OMB: IPv6 by June 2008
Edward Lewis
Ed.Lewis at neustar.biz
Wed Jul 6 17:55:43 UTC 2005
At 19:23 +0200 7/6/05, Iljitsch van Beijnum wrote:
With the chicken little-ing again...
>You are approaching the problem at the wrong end by asking "what's in it for
>me to adopt IPv6 now". The real question is "is IPv6 inevitable in the long
>run".
Pardon my skepticism, but I recall hearing about the coming of the
world due to pollution in the 1970's and the end of the oil supply by
the 1980's. (E.g., see http://www.ncpa.org/pub/bg/bg159/ for a
discussion on the latter, albeit written before the most recent oil
'scare.')
The point isn't whether IPv6 is good or not - it's that long-range
predictions are often wrong. For every "memex"
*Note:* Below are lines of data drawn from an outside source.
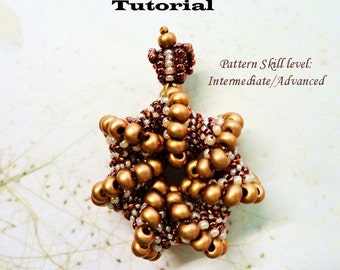 ROYAL CROWN Cillini spiral  beaded pendant beading tutorial and pattern seed bead jewelry beadweaving tutorials beading pattern instructions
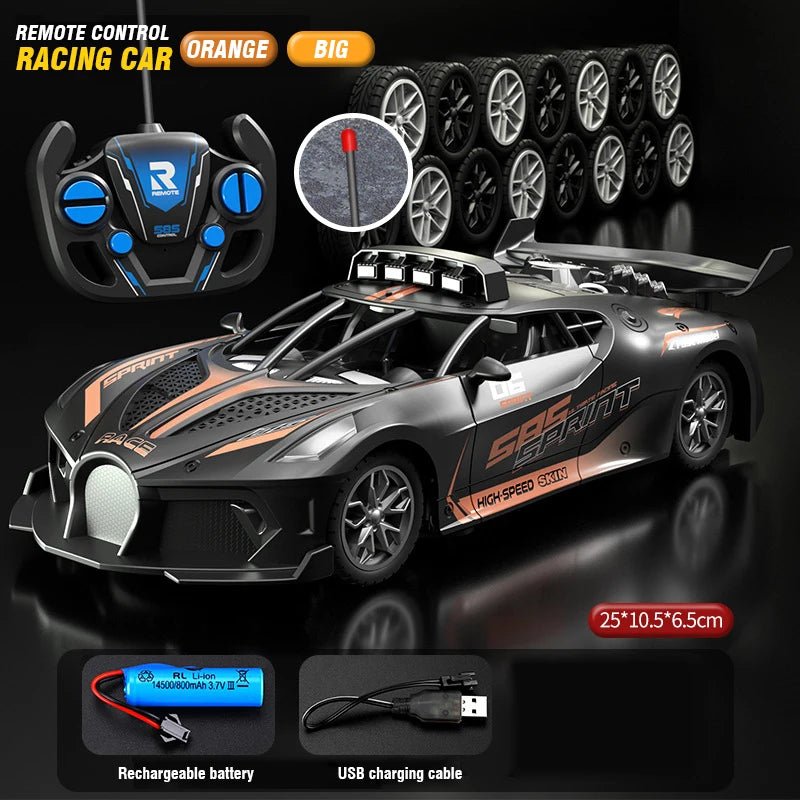Top view of a robust 1:18 scale RC drift car. Durable unisex electric remote control toy for kids.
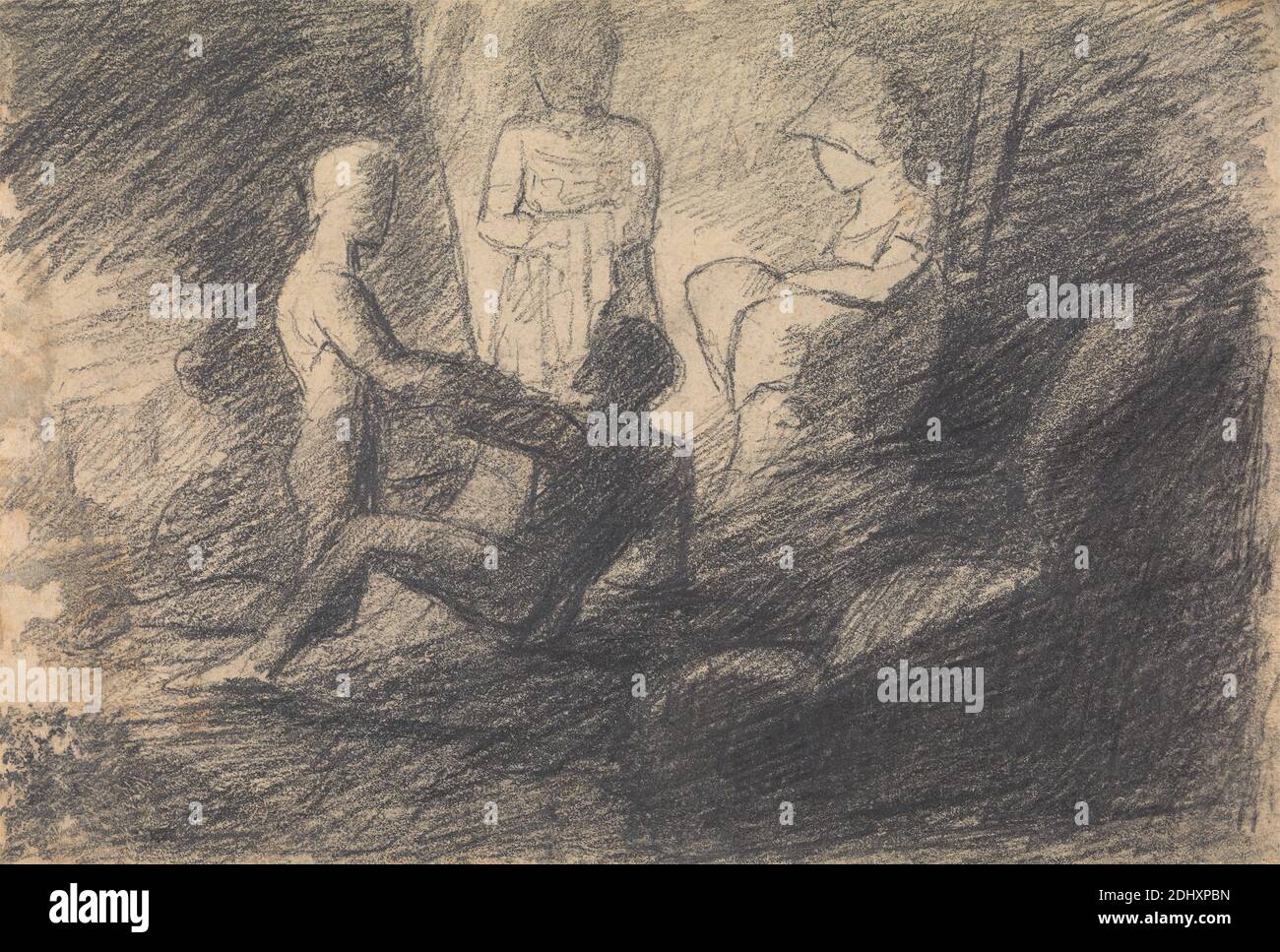 Study of Figures in a Cave, Benjamin Robert Haydon, 1786–1846, British, 1805, Graphite on moderately thick, moderately textured, beige, wove paper, Sheet: 4 11/16 × 7 inches (11.9 × 17.8 cm Stock Photo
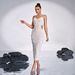 European And American Women's New High End Suspender V Neck Slim Hollow Sequin Beads Banquet Evening Dress_ecoleips.com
(http://www.iath.virginia.edu/elab/hfl0051.html) there's an oil
crisis, Ada, GOSIP, economic default of New York City (Ford to City:
Drop Dead! - NY Daily News, Oct 30, 1975)...
>So by all means, be an IPv6 hold out as long as you like, but don't assume
>that just because adopting IPv6 doesn't make economic sense for you now, it
>isn't going to happen at some point in the next decade. No rush, though.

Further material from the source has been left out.